All that is needed is the line containing "LOREAL Volume Million" and the lines after it to the end of the material, written out exactly, pictures left aside.

Dataset content
* * *
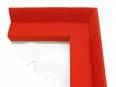 Sofás de diseño de la firma Offecct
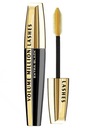 LOREAL Volume Million Lashes Extra Утолщающая Тушь Черный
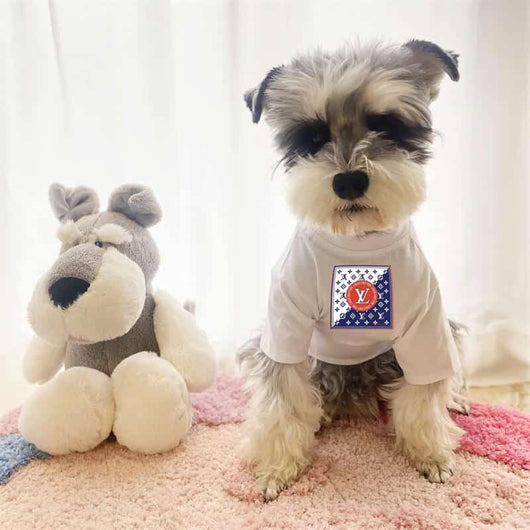 Dog Lit Sweatshirt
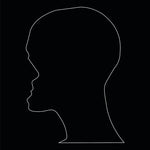 NICOLAS JAAR Cenizas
* * *
Exercise response
 LOREAL Volume Million Lashes Extra Утолщающая Тушь Черный
 Dog Lit Sweatshirt
 NICOLAS JAAR Cenizas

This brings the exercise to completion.